Segundo conta, os produtores da época não interferiam durante a produção, e era preciso somente seguir algumas regras. "Eles chegaram a um acordo. O filme vai custar tanto, tem que filmar em tanto tempo, e tem que ter 15 cenas de sexo, cinco mais demoradas, pelo menos uma de lésbica. Se fizer isso, eles não interferiam absolutamente na história. Eventualmente perguntavam uma coisa ou outra, por que isso ou aquilo, mas não interferiam. Ao contrário de hoje, onde streamings, patrocinadores e não sei mais quem interferem, distribuidores interferem desde o começo."

Para Martins, um exemplo disso são os patrocinadores, que hoje não liberariam um jogador para aparecer travestido de mulher "apenas pela piada e diversão". Outros assuntos abordados em "Onda Nova" também seriam empecilhos para conseguir investimento, como aborto, sexo gay, suicídio e drogas.

Brinco que antes a censura era estatal, institucional. Hoje, ela foi privatizada. Não existe mais o Departamento de Censura do governo, mas existe a censura privatizada.
Ícaro Martins

Olívio Pita e Neide Santos são um casal em 'Onda Nova' Imagem: Divulgação/ Vitrine Filmes

O diretor conta ter ficado bastante surpreso quando soube que o filme não teria somente cenas retiradas pela censura, como poderia acontecer, mas, sim, proibido por completo de ser exibido. Para ele, isso se deve ao caráter não moralista da produção, afinal as mulheres são protagonistas que decidem sobre suas vidas sexuais e profissionais.

O problema das pornochanchadas é que, em geral, apesar de terem cenas eróticas, elas são moralistas. Mesmo as cenas eróticas são feitas com um viés supermachista. As mulheres, os gays e até mesmo homens heterossexuais são sempre enquadrados de um ponto de vista machista e moralista.

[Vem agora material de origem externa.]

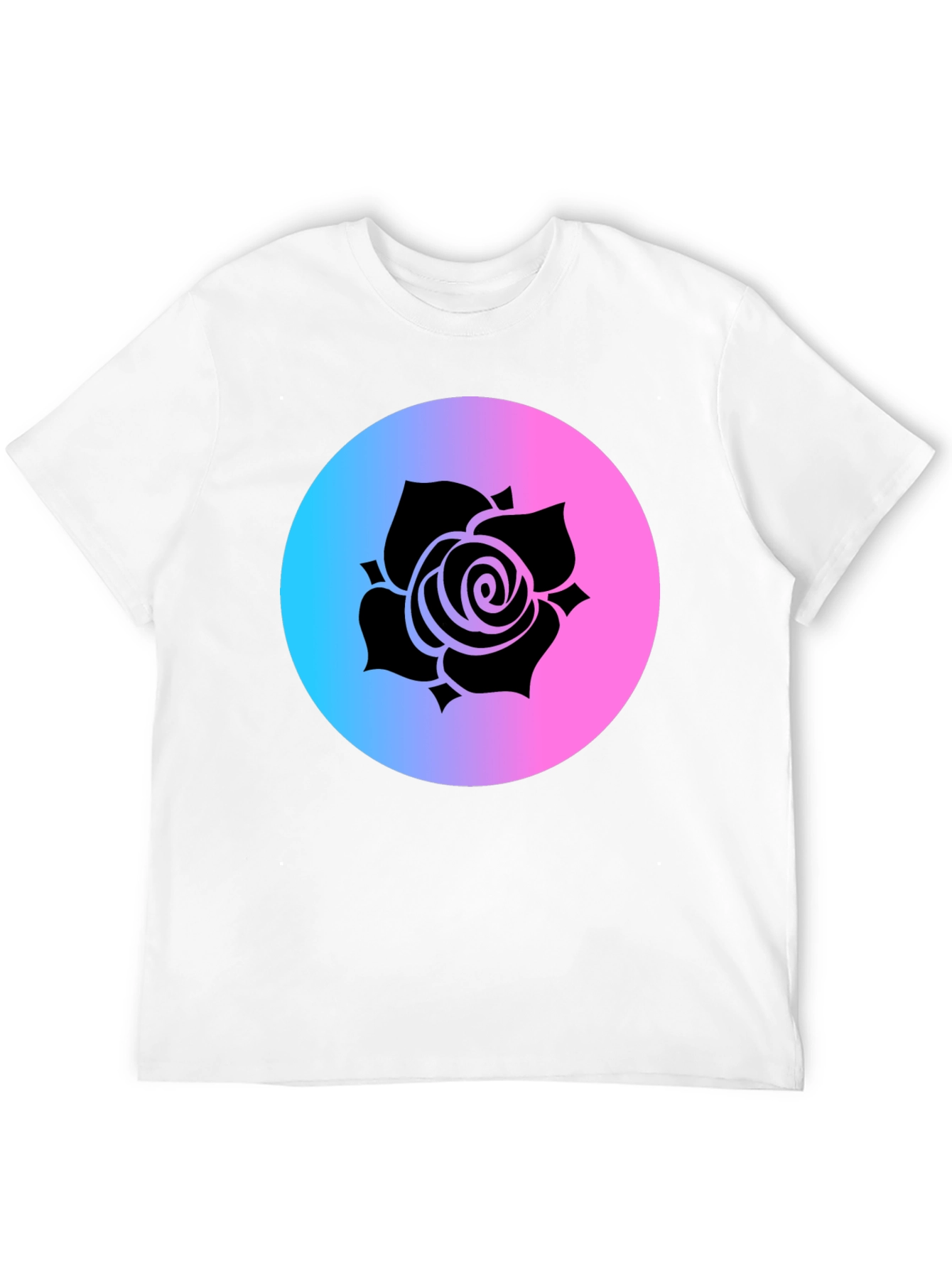 Rose Gradient Circle Graphic Tee - Black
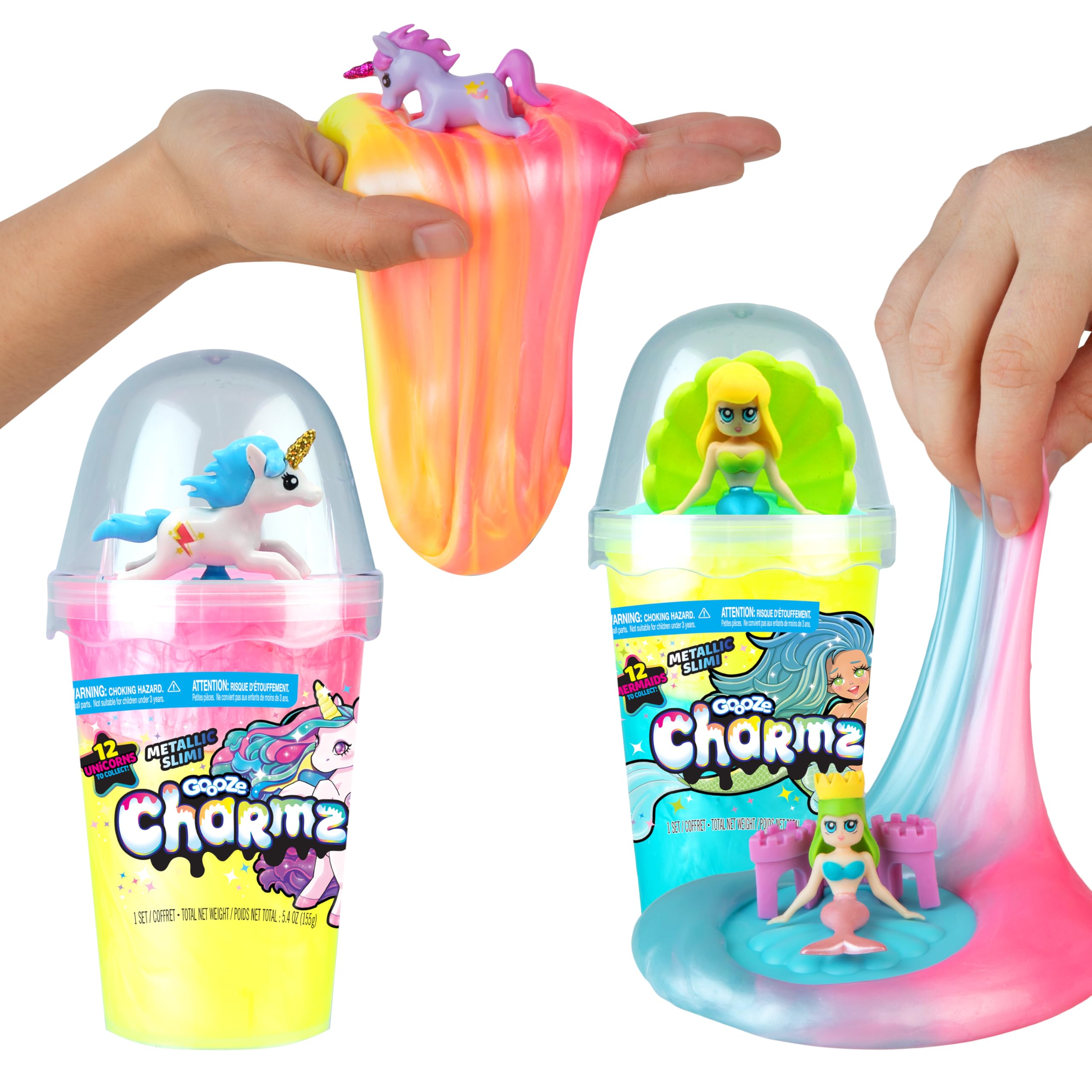 ORB Gooze Charmz Mermaids and Unicorns Assorted 2 Pack - Each Container Comes with 2 Assorted Metallic Slimi Slimes and a Charm Toy - Fun, Sensory Slime to Squish and Squeeze for Kids and Adults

Agora, 40 anos depois, "Onda Nova" continua original e transgressora. Julia Duarte, a responsável pela restauração e sobrinha de José Antônio Garcia, conta que a produção era até mesmo vista como "maldita" na família. "Todo mundo falava como se fosse o pior filme do Zé", conta. No entanto, com o passar dos anos e, após ter estudado cinema e assistido ao título, entendeu a importância dele.

Desde que vi esse filme, faz 20 anos, ele foi se mostrando atual, com discussão de gênero, com o futebol feminino ganhando espaço. Parece que fomos ganhando certas batalhas como sociedade que o 'Onda Nova' parecia já predicar lá atrás.
Julia Duarte

"Onda Nova" foi restaurado e remasterizado em 4K por Julia Duarte, Aclara Produções Artísticas e a família de José Antonio Garcia, com a colaboração da Cinemateca Brasileira/SAC - Sociedade de Amigos da Cinemateca, Zumbi Post e JLS Facilidades Sonoras. O elenco conta também com Regina Casé, Osmar Santos, Carla Camurati, Tânia Alves e Vera Zimmermann.